**Exercise aim:**
Pictures excluded, reproduce exactly the lines below from the one with "49er Men - 2014" through the one with "Areia Natural Para", both included.

**Available data:**

..............................

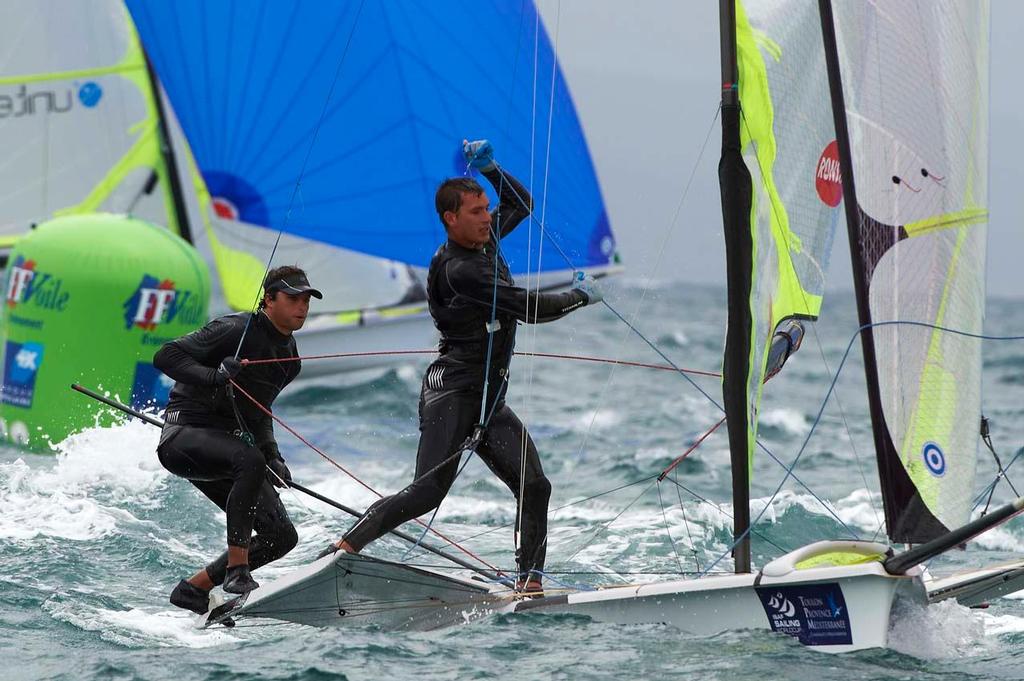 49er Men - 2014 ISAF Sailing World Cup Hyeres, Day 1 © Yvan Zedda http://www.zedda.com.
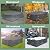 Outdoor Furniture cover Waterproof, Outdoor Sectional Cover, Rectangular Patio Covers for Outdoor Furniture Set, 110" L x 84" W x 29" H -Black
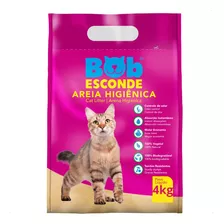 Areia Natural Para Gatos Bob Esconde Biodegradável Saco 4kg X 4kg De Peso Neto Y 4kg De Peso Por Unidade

..............................

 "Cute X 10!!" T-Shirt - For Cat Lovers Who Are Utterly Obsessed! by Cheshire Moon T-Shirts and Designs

..............................

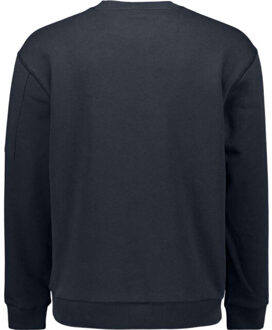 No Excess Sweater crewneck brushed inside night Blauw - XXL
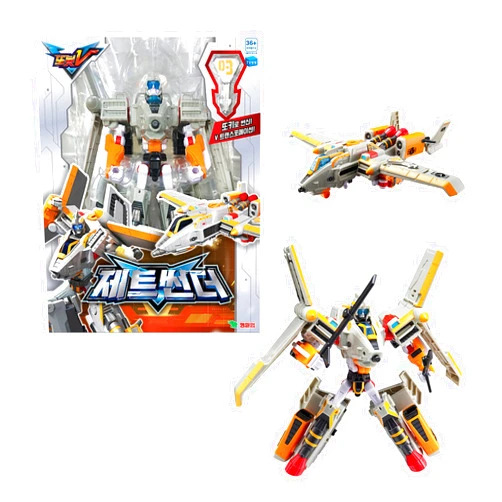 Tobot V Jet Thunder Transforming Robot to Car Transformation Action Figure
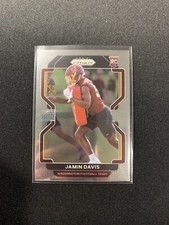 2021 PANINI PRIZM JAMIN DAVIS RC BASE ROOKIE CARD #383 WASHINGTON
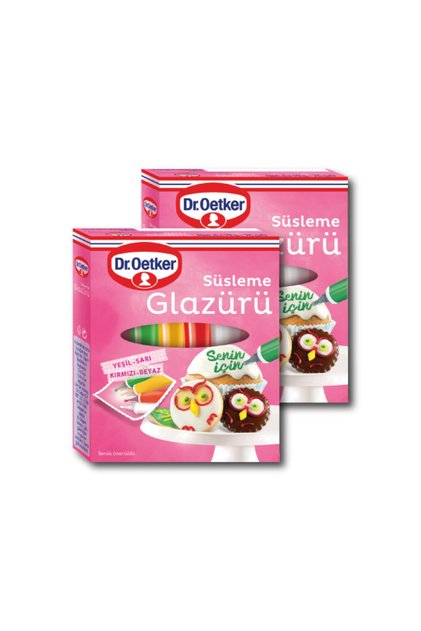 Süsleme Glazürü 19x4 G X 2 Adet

..............................

**Exercise answer:**
 49er Men - 2014 ISAF Sailing World Cup Hyeres, Day 1 © Yvan Zedda http://www.zedda.com.
 Outdoor Furniture cover Waterproof, Outdoor Sectional Cover, Rectangular Patio Covers for Outdoor Furniture Set, 110" L x 84" W x 29" H -Black
 Areia Natural Para Gatos Bob Esconde Biodegradável Saco 4kg X 4kg De Peso Neto Y 4kg De Peso Por Unidade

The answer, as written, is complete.